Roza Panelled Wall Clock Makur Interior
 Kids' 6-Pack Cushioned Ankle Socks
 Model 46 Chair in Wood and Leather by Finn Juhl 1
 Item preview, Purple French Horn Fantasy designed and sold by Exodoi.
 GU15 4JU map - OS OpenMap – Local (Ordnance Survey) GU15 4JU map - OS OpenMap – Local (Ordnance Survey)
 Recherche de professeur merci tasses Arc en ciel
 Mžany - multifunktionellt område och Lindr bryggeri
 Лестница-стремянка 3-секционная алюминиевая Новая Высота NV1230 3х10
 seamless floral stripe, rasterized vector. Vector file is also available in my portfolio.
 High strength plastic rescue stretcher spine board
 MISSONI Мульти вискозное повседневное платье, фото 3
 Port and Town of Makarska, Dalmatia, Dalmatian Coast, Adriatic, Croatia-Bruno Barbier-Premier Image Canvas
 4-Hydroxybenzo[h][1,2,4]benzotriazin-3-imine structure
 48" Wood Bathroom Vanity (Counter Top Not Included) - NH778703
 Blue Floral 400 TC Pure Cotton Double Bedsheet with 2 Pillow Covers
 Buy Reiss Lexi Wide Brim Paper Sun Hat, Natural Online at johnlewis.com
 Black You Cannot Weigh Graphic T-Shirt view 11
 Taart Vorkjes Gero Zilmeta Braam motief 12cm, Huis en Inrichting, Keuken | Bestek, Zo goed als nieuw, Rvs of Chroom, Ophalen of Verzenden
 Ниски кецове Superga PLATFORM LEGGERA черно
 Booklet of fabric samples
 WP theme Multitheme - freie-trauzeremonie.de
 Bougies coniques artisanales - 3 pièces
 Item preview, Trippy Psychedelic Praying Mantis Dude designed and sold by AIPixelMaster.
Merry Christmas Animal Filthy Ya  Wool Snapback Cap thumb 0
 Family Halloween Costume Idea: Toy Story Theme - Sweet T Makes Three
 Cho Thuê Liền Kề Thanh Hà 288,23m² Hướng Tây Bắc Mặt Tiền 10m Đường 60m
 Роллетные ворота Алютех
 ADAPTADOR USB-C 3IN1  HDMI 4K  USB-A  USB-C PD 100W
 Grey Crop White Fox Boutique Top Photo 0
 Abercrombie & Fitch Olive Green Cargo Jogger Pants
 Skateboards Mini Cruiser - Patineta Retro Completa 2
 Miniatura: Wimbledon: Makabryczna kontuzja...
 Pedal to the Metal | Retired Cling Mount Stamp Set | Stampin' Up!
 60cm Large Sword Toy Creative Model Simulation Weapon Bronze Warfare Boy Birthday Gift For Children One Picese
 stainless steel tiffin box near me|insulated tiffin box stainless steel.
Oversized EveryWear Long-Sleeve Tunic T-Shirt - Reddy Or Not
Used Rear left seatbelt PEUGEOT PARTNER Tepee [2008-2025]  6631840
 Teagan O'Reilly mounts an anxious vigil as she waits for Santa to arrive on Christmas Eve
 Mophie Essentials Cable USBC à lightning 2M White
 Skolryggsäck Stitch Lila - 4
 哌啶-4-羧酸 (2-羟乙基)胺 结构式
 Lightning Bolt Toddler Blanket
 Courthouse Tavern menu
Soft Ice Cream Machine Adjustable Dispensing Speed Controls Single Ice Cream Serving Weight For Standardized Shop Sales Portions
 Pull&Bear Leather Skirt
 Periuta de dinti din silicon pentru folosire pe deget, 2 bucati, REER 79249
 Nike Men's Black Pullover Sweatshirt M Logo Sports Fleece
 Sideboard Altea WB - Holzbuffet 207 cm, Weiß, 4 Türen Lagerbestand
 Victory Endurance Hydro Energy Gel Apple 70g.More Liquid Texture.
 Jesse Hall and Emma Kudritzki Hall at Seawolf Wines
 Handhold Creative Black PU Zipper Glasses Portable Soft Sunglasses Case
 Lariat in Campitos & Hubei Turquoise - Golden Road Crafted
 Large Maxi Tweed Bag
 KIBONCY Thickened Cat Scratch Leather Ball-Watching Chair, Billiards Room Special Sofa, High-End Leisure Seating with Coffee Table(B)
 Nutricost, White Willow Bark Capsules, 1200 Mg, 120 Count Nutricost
···
Problem: Reply with the number only, stating how many lines in the listing hold the string "Creative".

Task output: 2